The US Civil War is often referred to as the war between the Blue & Grey. But it was by no means so simple. Indeed, the prominent color of the basic Union uniform was blue, but many variations existed. Primary among these were those known as the Zouhaves (aka Zouaves). These were Union troops primarily from New York and Pennsylvania who wore brightly colored and elaborate uniforms based on a French-North African style – complete with a Fez hat in some cases.
“There were ten Union Zouave regiments that participated in the Battle of Gettysburg: the 10th New York Infantry Regiment, the 41st New York Infantry Regiment, the 44th New York Infantry Regiment, the 73rd New York Infantry Regiment, the 146th New York Infantry Regiment, the 23rd Pennsylvania Infantry Regiment, the 72nd Pennsylvania Infantry Regiment, the 95th Pennsylvania Infantry Regiment, the 114th Pennsylvania Infantry Regiment, and the 155th Pennsylvania Infantry Regiment (which did not become a Zouave regiment until 1864).
As the war wore on, many of the regiments had discarded all or most of their colorful Zouave uniforms as impractical and by the summer of 1863 for the standard Union uniform, but generally speaking, three regiments did appear in full Zouave or Zouave-inspired uniforms at the Battle of Gettysburg: the 84th New York Infantry Regiment (14th Brooklyn Infantry Regiment), the 146th New York Infantry Regiment, and the 114th Pennsylvania Infantry Regiment, while a few others wore a “mix” (like the 95th Pennsylvania Infantry Regiment, which had retained only the Zouave jacket).
As opposed to a simple grey, the CSA enlisted men’s uniforms were often referred to as Butternut.

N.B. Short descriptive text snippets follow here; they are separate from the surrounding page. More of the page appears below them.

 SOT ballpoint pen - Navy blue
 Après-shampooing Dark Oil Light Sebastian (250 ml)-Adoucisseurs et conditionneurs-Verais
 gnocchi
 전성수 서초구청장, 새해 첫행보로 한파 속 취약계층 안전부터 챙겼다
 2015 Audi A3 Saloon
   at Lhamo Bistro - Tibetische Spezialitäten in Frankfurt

The CSA was often unable to actually issue a uniform to its men. Often times, they simply wore they own clothing. But more neutral or drab colors (butternut) prevailed.
CSA Officers, however, almost universally wore a light grey uniform. On both sides, however, the officers had a great leeway in the design and tailoring of their uniform. Some went to extreme lengths to be distinctive. CSA officers often wore a brightly colored waist sash.
Colors to identify the various functions were also widely used. Blue for Infantry, Red for Artillery, and Yellow for Cavalry were the most common.
Hats were also a way units were identified and not just by the colors. The infamous Union Iron Brigade wore a distinctive black ‘Hardie hat’ with its up-turned brim and large black feather.
Almost all Union infantry were issued a knapsack in which they carried their personal belongings and some basic gear. CSA soldiers usually had to roll such items into their blanket and carry it slung across their back. Shoes were quite a different matter. The Union soldiers were almost universally issued a fairly sturdy shoe – not exactly a ‘combat boot’ – but a high-topped shoe. As often as not CSA infantrymen marched barefoot for lack of factories in the South to produce enough footwear.